The latest weekly rally in the eastern city of Dresden on Monday brought out 15,000 supporters of Patriotic Europeans against Islamization of the Occident (Pegida), an anti-foreigner group.
Although Pegida is perceived as channelling attitudes of people in Germany‘s formerly communist east, a breakdown of the data by pollster YouGov showed there was not much east-west difference in responses to it.
Asked if it was “good that someone draws attention to mistakes in political asylum policies and opposes Islamists,” which is how Pegida presents its stance, 36 per cent of easterners and 33 per cent of westerners agreed.
The pollsters interviewed 1,025 Germans and adjusted the findings to be representative of the whole German population over 18.
Government officials have repeatedly denounced Pegida as a rightist movement, saying Germany is not being “Islamized.” Muslims make up far less – 4 per cent – of German society than popularly believed, and the bulk of current refugee arrivals from Syria are Christians.
There has been disagreement at the top of Chancellor Angela Merkel‘s government over whether to strictly dissociate from the protest movement or engage with it.
Justice Minister Heiko Maas called the rallies appalling and said he had zero sympathy with anyone who found Pegida‘s views appealing.
But Interior Minister Thomas de Maiziere countered that the government must engage with genuine concerns among the populace.
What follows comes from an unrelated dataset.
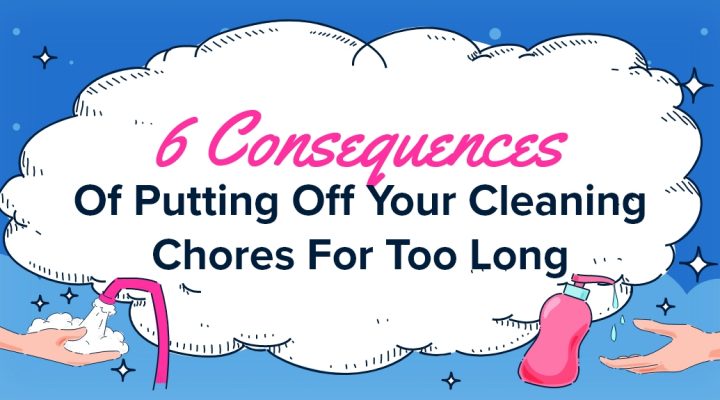 6 Consequences of putting off your cleaning chores for too long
He said Germany should debate how it will cope if annual refugee arrivals remain at a historically high 200,000.
In Dresden, the government of Saxony state said it would seek to counter Pegida with Twitter messages, publicizing factual information about refugee numbers and refugee absorption into society with the hashtags #pegida and #nopegida.
Rising antipathy to immigrants has been a drumbeat in elections around Europe in the past year.
Initially, Germany seemed immune to the groundswell, but the rise of Pegida, and a bid by a small eurosceptic party, Alternative for Germany, to embrace the protests has suggested Germany is now catching up with the trend.